### Required action
When you reach the line that contains "1592 Maggie Mae Lane", give it back exactly along with each line after it to the end of the entries; skip any pictures.

### Supplied material
---------------

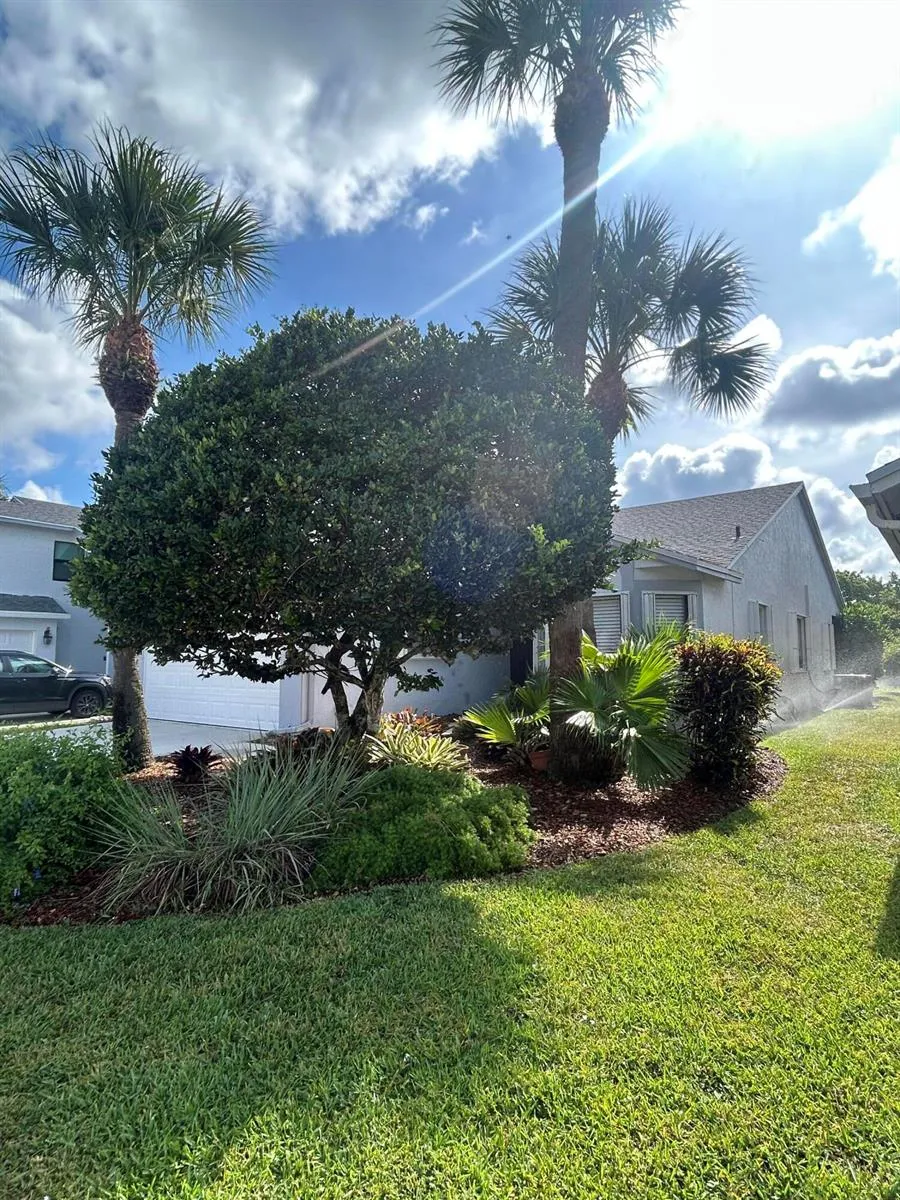 23370 Sedawie Drive Boca Raton, FL 33433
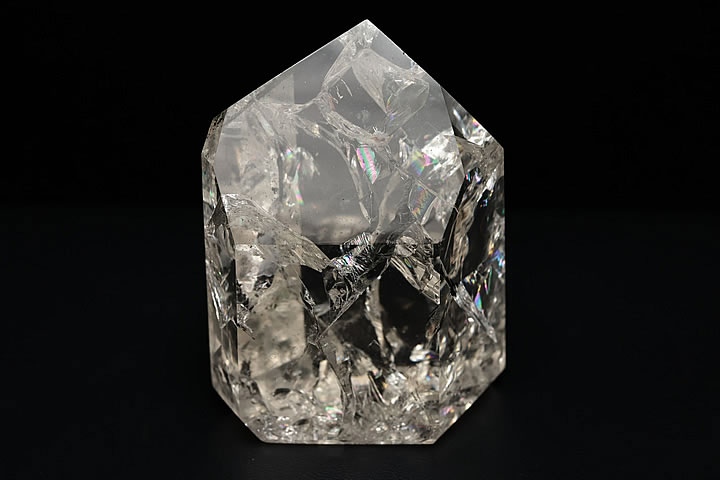 【オススメ】☆レインボー入りクラック水晶ポイント☆ 楽天市場】○【レインボークラック水晶 ポイント】80g-100g 開運・幸運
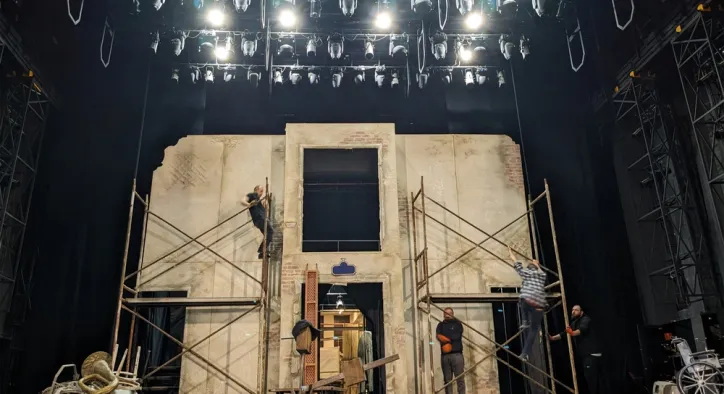 Décoration de théâtre et de séries TV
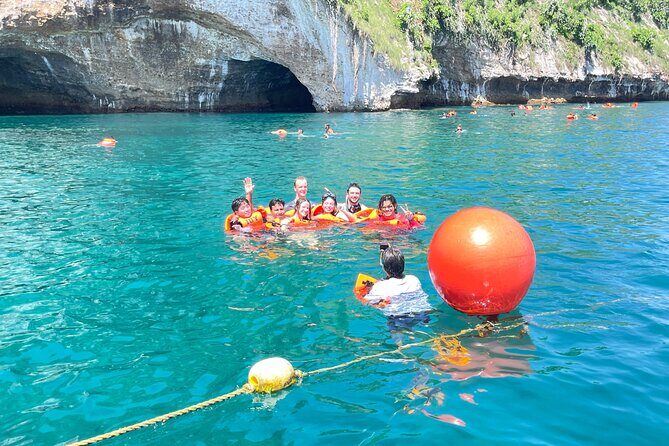 Whale Watching and Los Arcos 5 Islands Adventure - Meeting Point and Boat-Day Practicalities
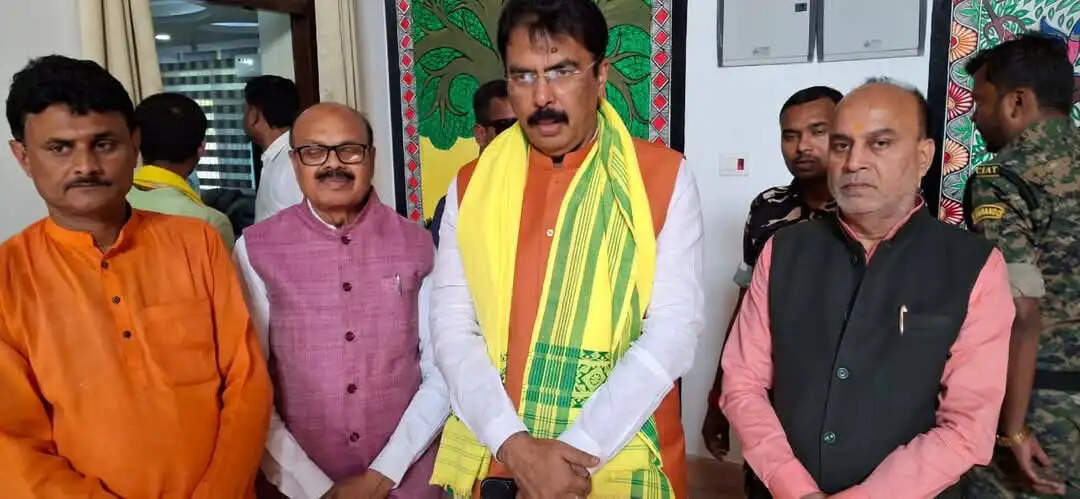 मंत्री संजय सरावगी पहुंचे अररिया,सर्किट हाउस में कार्यकर्ताओं ने किया स्वागत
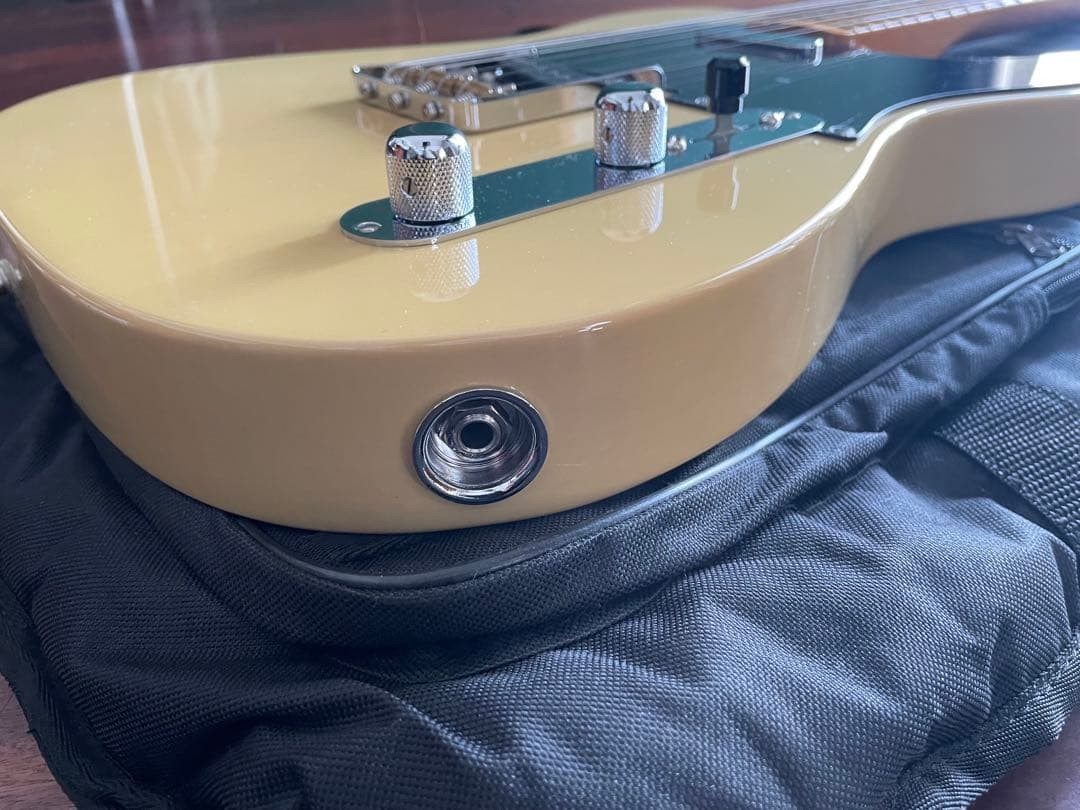 Electric Guitar Fender Vintera ’50s Telecaster Cream Made in Mexico with Gig Bag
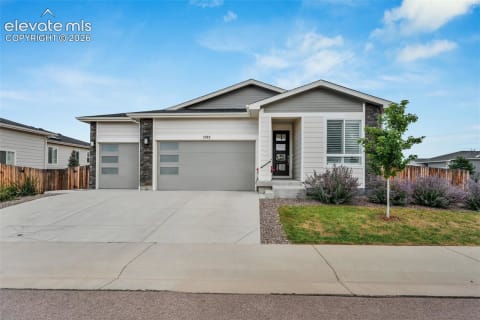 1592 Maggie Mae Lane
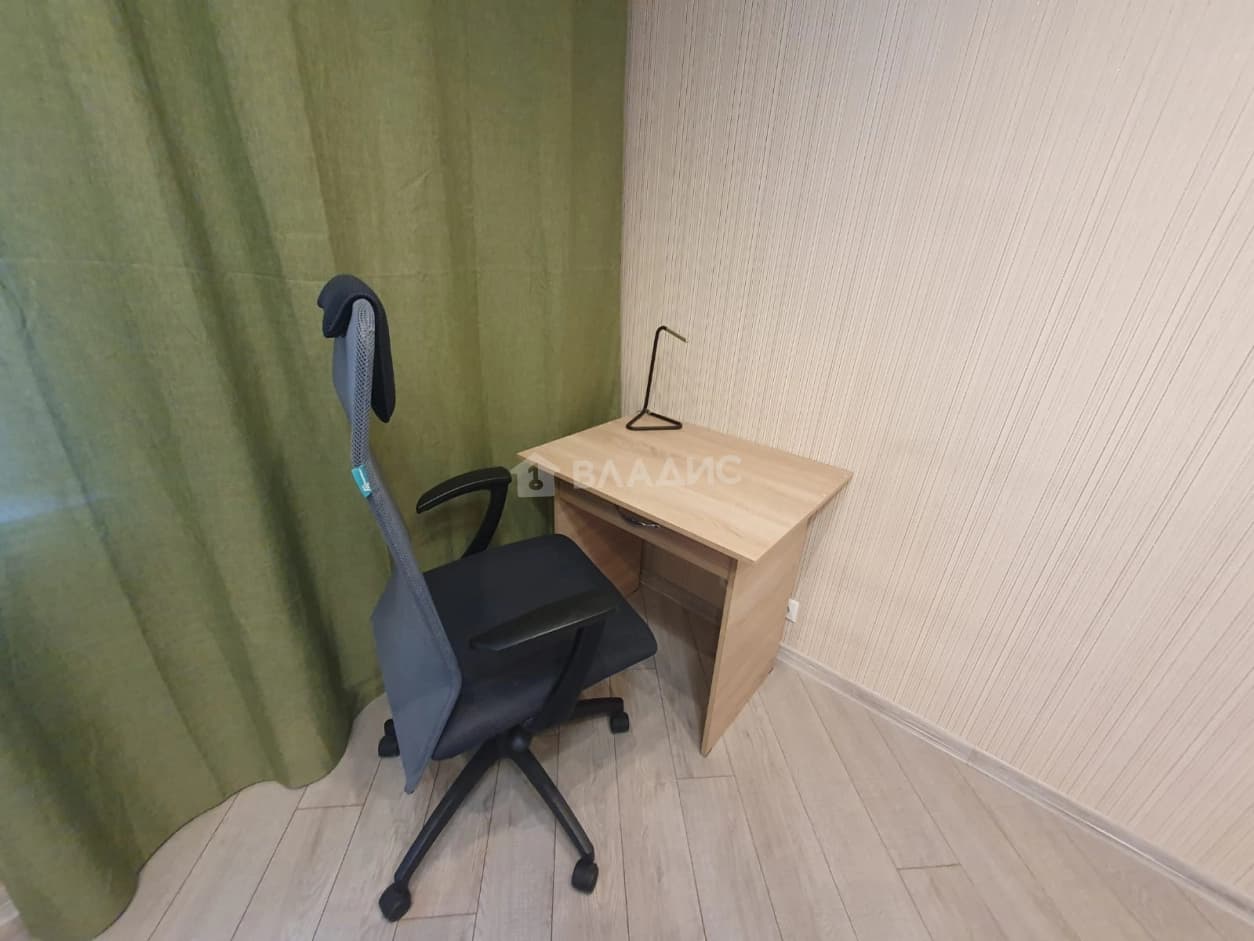 Photo 6
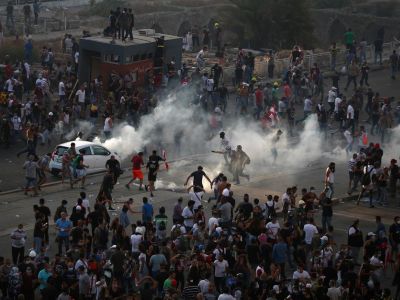 Демонстранты бегут от слезоточивого газа, примененного полицией во время акции протеста после взрыва, Бейрут, Ливан, 8 августа 2020 год. Фото: Hannah McKay / Reuters
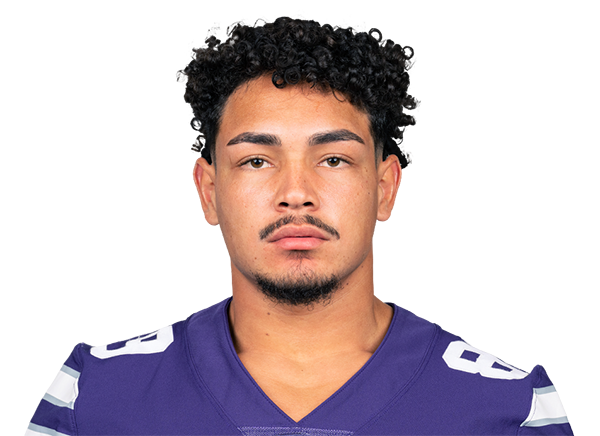 Erik Pizarro headshot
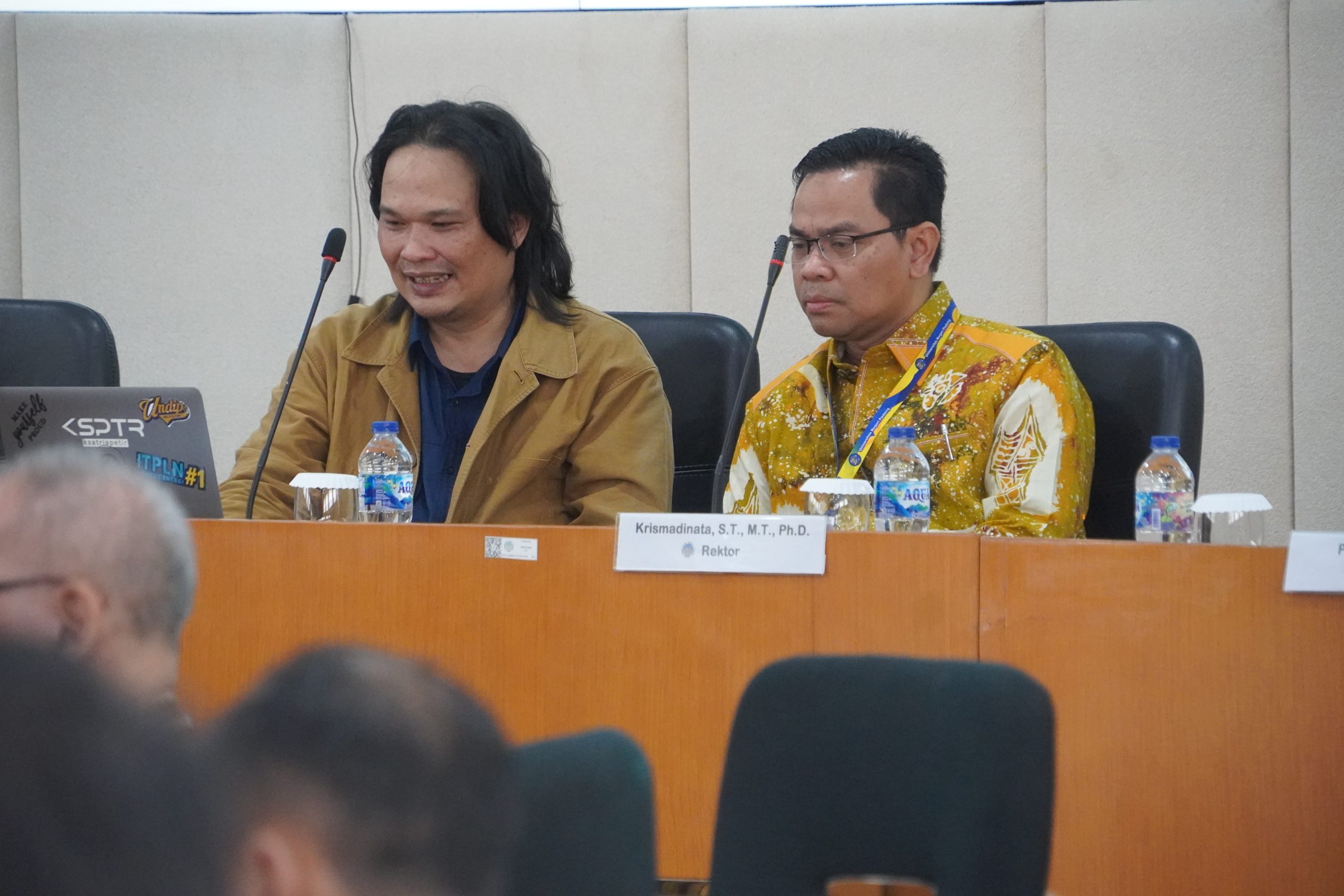 Dosen IT PLN Jakarta, Rakhmadi Irfansyah Putra, S.Kom., MMSI. (kiri) bersama Rektor UNP, Ir. Krismadinata, Ph.D., (Foto: Damar/Kantor Komunikasi dan Pemasaran Strategis)
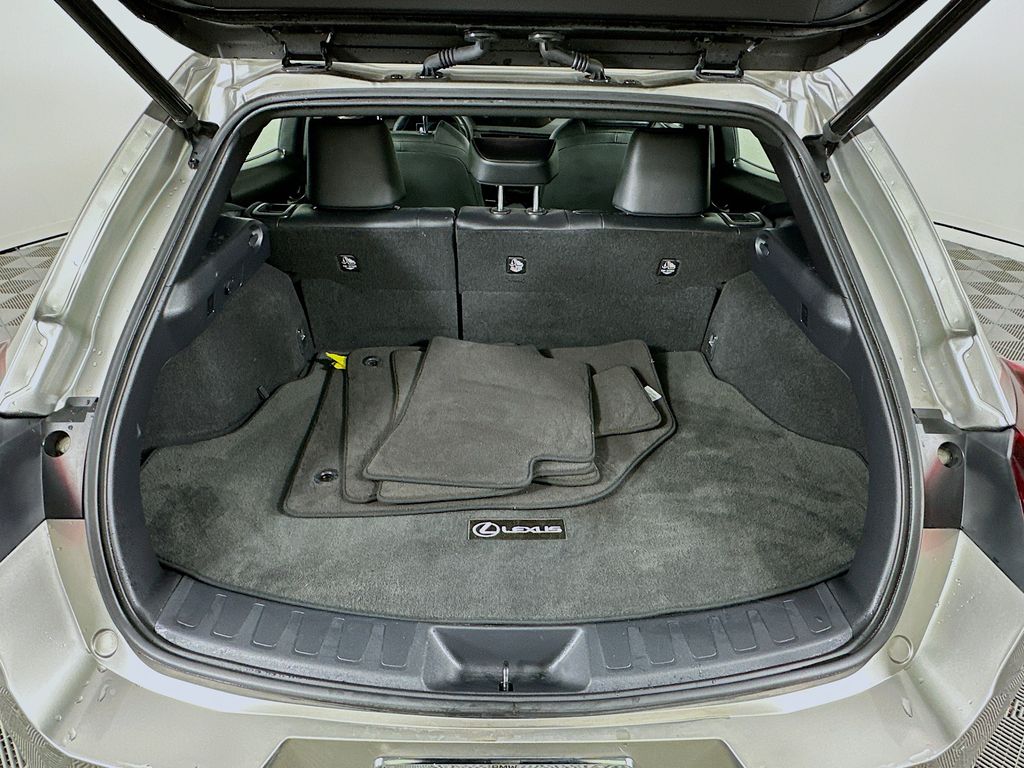 Thumbnail: 2021 Lexus UX - 27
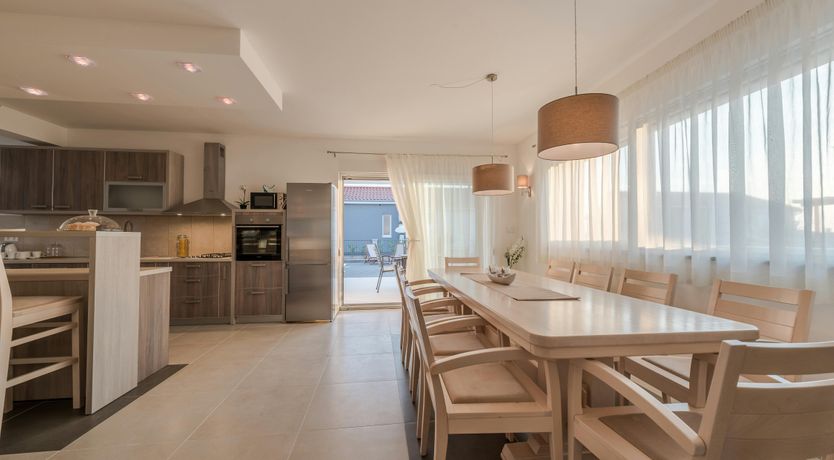 Photo of Dogwood Manor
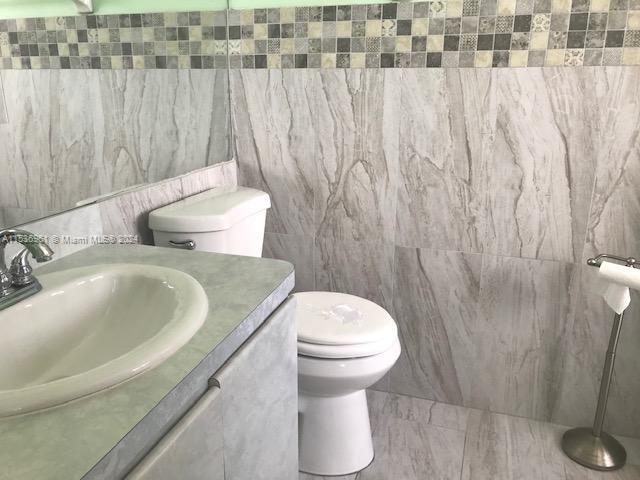 9769 NW 37th # 13, Sunrise FL 33351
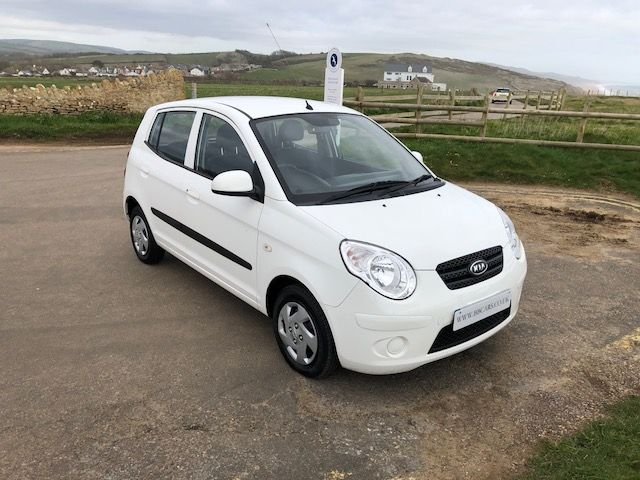 2010 10 Kia Picanto 1.0 1 5d 61 BHP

---------------

### Exercise result
 1592 Maggie Mae Lane
 Photo 6
 Демонстранты бегут от слезоточивого газа, примененного полицией во время акции протеста после взрыва, Бейрут, Ливан, 8 августа 2020 год. Фото: Hannah McKay / Reuters
 Erik Pizarro headshot
 Dosen IT PLN Jakarta, Rakhmadi Irfansyah Putra, S.Kom., MMSI. (kiri) bersama Rektor UNP, Ir. Krismadinata, Ph.D., (Foto: Damar/Kantor Komunikasi dan Pemasaran Strategis)
 Thumbnail: 2021 Lexus UX - 27
 Photo of Dogwood Manor
 9769 NW 37th # 13, Sunrise FL 33351
 2010 10 Kia Picanto 1.0 1 5d 61 BHP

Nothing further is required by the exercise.